Well, of course, the question is in what sort of guarantees a language or compiler provides I guess.
If you're using destructive update then aliasing, side effects and mutability all start to matter. It might look complicated when you reflect all these things in the type system, but you're really just getting a handle on the inherent complications of the underlying program.
So it's just really more notation to let you know which tools are being used when you use them? Does Disciple completely avoid the need for such things as unsafePerformIO? (a perhaps overly paranoid comment but...) I realize we're probably not supposed to worry about the existence of unsafePerformIO, and that library authors "know what they're doing". But doesn't it automatically mean that there's a bit of implicit trust whenever I see a function that's of type (a -> a) that there *isn't* IO going on in there? :-) If Disciple can guarantee that no one is allowed to cheat, is that not a better approach?
I suppose the trick is to be able to ignore said complications when you just don't care, or they're not relevant for your particular problem...

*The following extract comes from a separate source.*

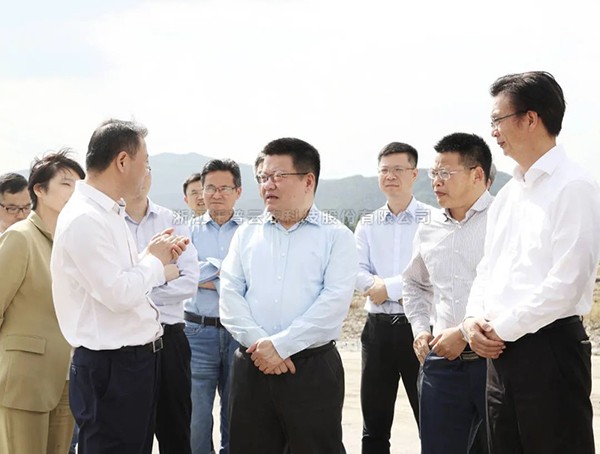 省農(nóng)業(yè)農(nóng)村廳黨組書記、廳長(zhǎng)王通林赴余杭調(diào)研高標(biāo)準(zhǔn)農(nóng)田項(xiàng)目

Yes, the Disciple documentation says that this stuff can be inferred, but I don't even let Haskell infer my types for *any* functions I write in any code. I like to restrict what can go in and out of the function even if it's more general. Perhaps this is the knee-jerk reaction of an angry Erlang programmer who really wanted some types to reign in the overly-dynamic evaluations that are allowed in that environment, but that's how I roll baby! I will admit that on occasion I will write and expression that I think does what I want, and look at in in ghci, having it tell me the type because sometimes I've not had enough coffee to do it in my head, but I either look at the inferred type and realize that it's what I originally wanted, or add further restrictions. Dave
Ben.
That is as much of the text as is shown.